Some people (like my wife and oldest daughter), enjoy that topsy-turvy, pit of the stomach churning and charged feeling that comes with a “thriller” movie. Not me. I really hate that feeling. It reminds of getting in trouble as a boy. When I’d done something wrong and was waiting for the punishment to fall on my teeny head. That feeling of foreboding doom is not pleasant.

Reha: “Jon, it’s just a movie, jeez, get over it.”

Me: “Oh, yeah, well… you don’t like spicy foods, do you?”

R:”Not sure what that has to do with anything, but right, I don’t like spicy foods.”

M:”And why don’t you like spicy foods?”

R:”Because I don’t like foods that hurt me and I don’t willingly submit to being caused pain.”

M:”Right. And I submit right back at you that it is the EXACT same thing for me with scary and suspenseful movies. They cause me pain.”

R: “Whatever. You can come back into the room and stop hiding under that blanket under the stairs, the scary part is over.”

Odd thing, though? I love Halloween.

Not the scary stuff, though. Just the part about the candy. I can totally get behind any sort of “holiday” where kids go out into the night knocking on doors, dressed up in costumes and people are expected, nay, the social contract demands that they gives the little folks snack pack sized Milky Ways. I love that part.
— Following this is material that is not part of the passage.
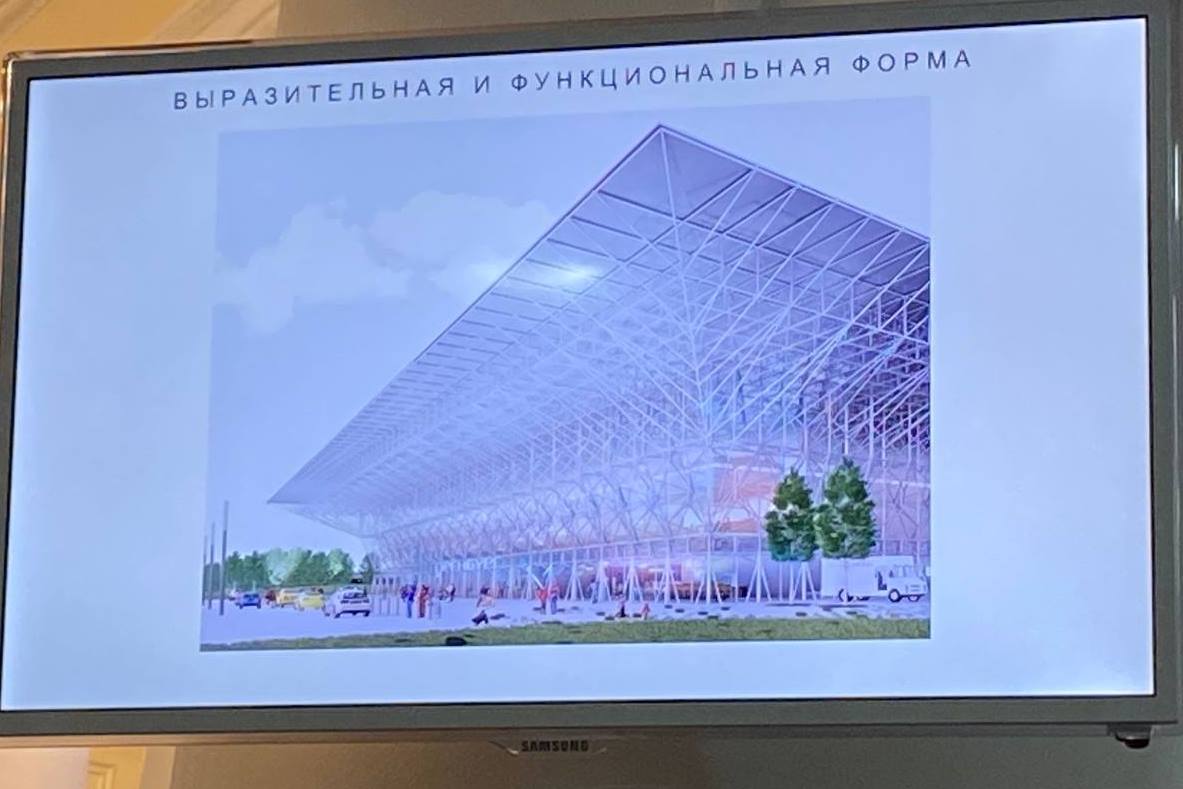 Проект аэропорта оренбург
But don’t be offended if I pass on the Halloween Movie Marathon.

Posted by Jon on 10/10/07 at 08:44 AM
  1. I’ll be joining you in the corner… or farther down the hallway.  I couldn’t agree more with everything you said.  No thanks!

    Posted by Ellen  on  10/10/07  at  11:33 AM
  2. I hate scary movies and thrillers. The movie that scares me the most is a little odd, “Silence of the Lambs.” That movie freaked me out for weeks afterward.

    But I also hate Halloween. I think I stopped trick or treating at around 8.

    Posted by Kerstin  on  10/10/07  at  11:54 AM
  3. Dude, you are such a pansy. Half of the scary movies aren’t even that creepy at all. The Shining, for example, is almost laughable. Buit I will give you that The Exorcist is scary. It’s pretty terrifying, I’d say.

    Posted by Carrie  on  10/10/07  at  02:20 PM
  4. Kerstin

    I watched Silence of the Lambs. Someone told me it wasn’t that scary and was more “psychological thriller” and not really scary.

    Yeah, right.

    It definitely is a psychological thriller, but the end, where Clarice s trying to find Buffalo Bill in his house? Yeah, I fast forwarded through that part.

    Haven’t seen that part. Ever.

    Yes, I am a wimp, thanks.

    Posted by Jon  on  10/10/07  at  03:17 PM
  5. Gore/slasher movies (Friday the 13th and so on) bore me and honestly I think there’s some sort of really unhealthy pathology involved in wanting to see that. 

    What’s scary to people seems to vary.  Donny Darko scared me.  I do like the occasional scary movie or book, but I find my scare more often than not in dark dramas. 

    And then there’s 28 Days Later.  A dark drama disguised as a zombie flick with lots of gotcha moments thrown in to boot.  Scared the hell out of me.  Don’t rent that one for Halloween, Jon.

    Posted by michael  on  10/10/07  at  04:24 PM
  6. And if you don’t want to stay awake for a week straight you might want to avoid reading Steven King’s The Stand or this little gem.

    http://www.powells.com/biblio/61-9780440928935-0

    Posted by michael  on  10/10/07  at  04:37 PM
  7. Okay, I laughed out loud because *I’ve* read The Hobbit in French.  Yup, that’s a big ole ‘G’ for ‘Geek’ on my forehead.

    I’m picky about horror, but some I like.  Very much.  Not Halloween the 13th-type stuff, though.